Ø  Barang Cina: pasti imitasi, murahan
Ø  etnis Tionghoa : pasti kaya dan pelit
Ø  Islam: pasti teroris (banyak orang barat yang berpikir begini)
Ø  Wanita berambut pirang : pasti bodoh dan penakut
Ø  Wanita yang suka berpakaian mini: pasti “murahan”
Ø  Guru: pasti jujur dan berakhlak mulia
Ø  Laki-laki: selalu pake otak, kuat, tidak pernah (tidak boleh) menangis
Ø  Perempuan: selalu pake perasaan, lemah, gampang meneteskan air mata
Ø  Insinyur: pekerjaannya laki-laki
Ø  Guru/pustakawati: pekerjaannya perempuan

Heyyy, memangnya kalian tidak pernah ketemu barang Cina yang bagus, orang Cina yang hidup sederhana dan murah hati, orang Muslim yang baik dan sangat berperikemanusiaan, cewek pirang yang cantik dan pintarnya ekstrim, cewek menor yang hatinya bersih, laki-laki yang menangis, perempuan yang berotot dan mandiri, insinyur perempuan, guru laki-laki?????

Bicara tentang stereotip, saya punya segudang cerita dari pengalaman sendiri. Dua hari lalu saya berdiri di antrian donor darah di sekolah saya. Hampir semua partisipan orang Jerman (ini saya nilai dari warna kulit mereka ya, entah mereka orang rantauan dari Polandia…who knows…).
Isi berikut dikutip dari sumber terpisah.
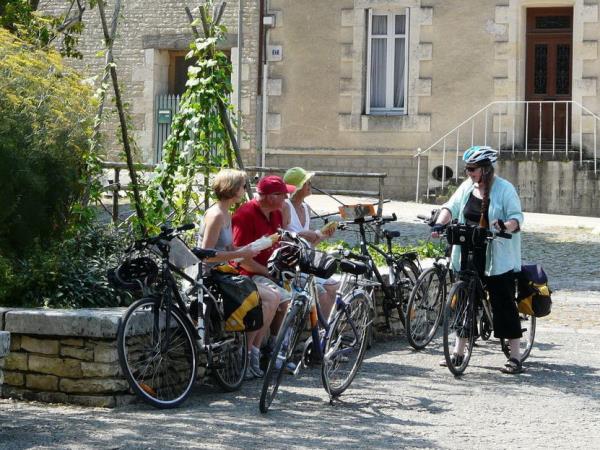 Nouvelle Aquitaine self guided cycling holiday, France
Tiba saat saya mau menunjukkan kartu identitas diri, saya sudah ditatap tidak simpatik oleh si wanita penjaga stand yang kerjanya gesek-gesek kartu di mesin aneh di depan batang hidungnya. Saya tanya, “Boleh tidak saya mendonor, jika berat badan saya 46 kg?” “Tidak,” jawabnya culas tanpa ampun. Serius, saya bukannya mematok nilai ramah tamah ala Nusantara ke beliau ini ya, tapi dia memang ketus banget terhadap saya. Saya pun angkat bahu dan balik ke kelas sebelum beberapa menit sempatkan diri baca “aturan main” donor darah di Jerman. Karena ini kali pertama saya, saya buta dan gelap tentang poin-poin yang harus ditaati. Saat baca, ada sebuah poin bilang, “Anda tidak berhak mendonor darah jika dalam 6 bulan terakhir ini berada di Asia Tenggara….dst dst dst”… Oh… saya paham. Dengan rating HIV/AIDS yang tinggi di tempat saya, tidak heran jika tatapan waspada tadi dilemparkan cuma-cuma ke arah saya. Lagi-lagi stereotip! Siapa yang mau “pakai” darah Asia Tenggara saya?


Contoh yang saya ceritakan di atas termasuk ke golongan stereotip yang negatif, jadi artinya ada yang positif juga (contohnya orang latin pintar dansa). Stereotip yang negatif selalu merugikan masyarakat yang bersangkutan, jika stereotip ini tentang etnis/suku/kelompok masyarakat tertentu. Stereotip tidak kenal individualitas, bro. Stereotip sapu rata! Stereotip sangat subjektif, kebenarannya bisa sampai nol persen!